[Dataset records]:
────────────────
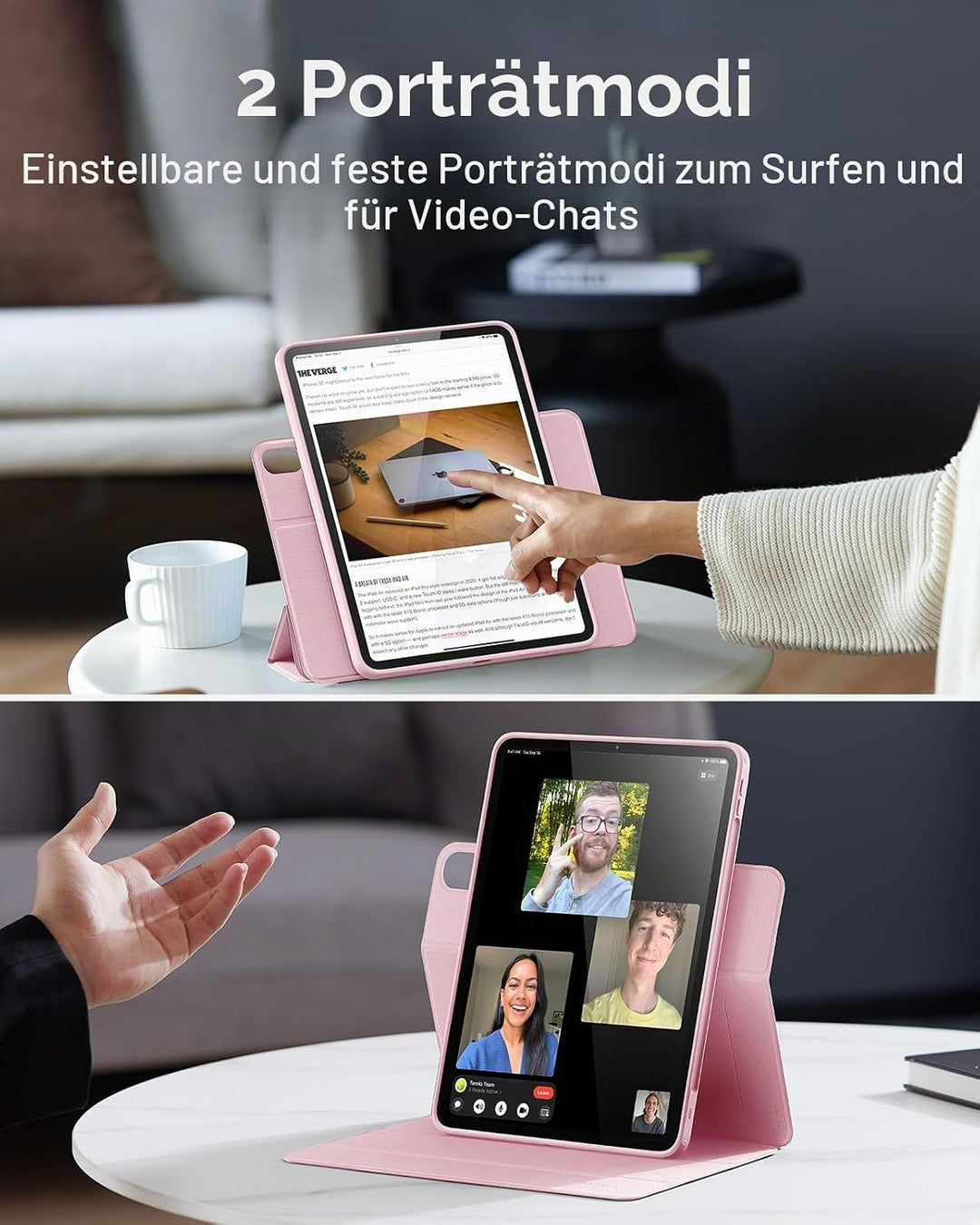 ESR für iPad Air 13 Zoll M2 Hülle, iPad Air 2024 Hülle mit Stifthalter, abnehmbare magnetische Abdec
────────────────
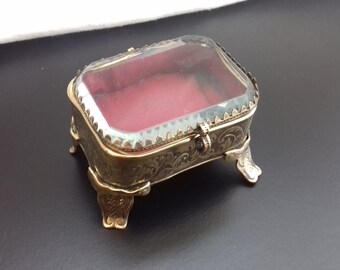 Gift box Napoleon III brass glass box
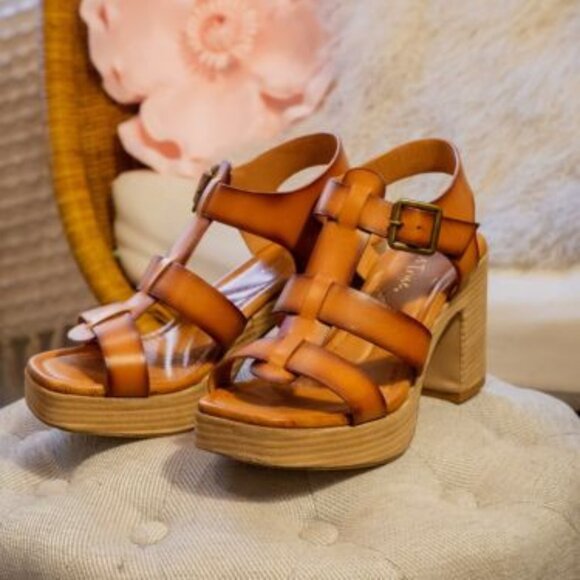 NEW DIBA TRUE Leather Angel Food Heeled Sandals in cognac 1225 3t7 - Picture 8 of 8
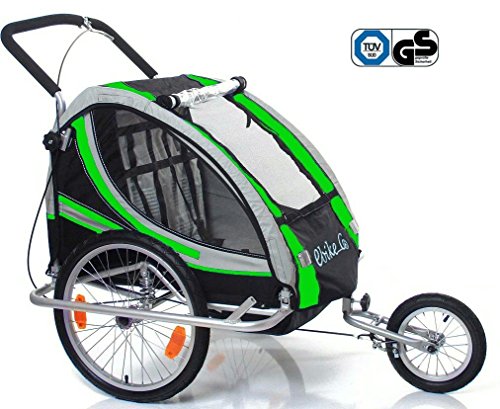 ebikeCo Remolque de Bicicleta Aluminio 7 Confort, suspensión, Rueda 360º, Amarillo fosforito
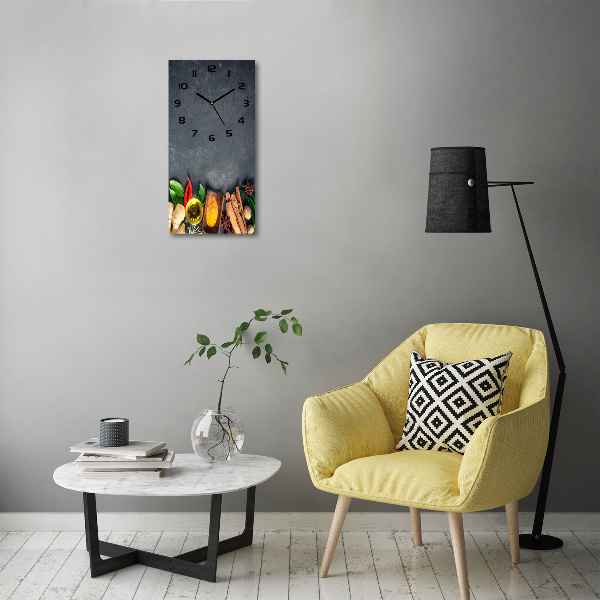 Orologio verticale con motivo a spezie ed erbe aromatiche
────────────────
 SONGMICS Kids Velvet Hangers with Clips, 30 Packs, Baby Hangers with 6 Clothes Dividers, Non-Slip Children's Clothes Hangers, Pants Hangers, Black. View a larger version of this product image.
────────────────
[Assignment]: Above are the records; copy exactly the lines from the one with "Gift box Napoleon III brass glass box" through the one with "Orologio verticale con", including both, and nothing more. Leave out pictures.

[Exercise solution]:
 Gift box Napoleon III brass glass box
 NEW DIBA TRUE Leather Angel Food Heeled Sandals in cognac 1225 3t7 - Picture 8 of 8
 ebikeCo Remolque de Bicicleta Aluminio 7 Confort, suspensión, Rueda 360º, Amarillo fosforito
 Orologio verticale con motivo a spezie ed erbe aromatiche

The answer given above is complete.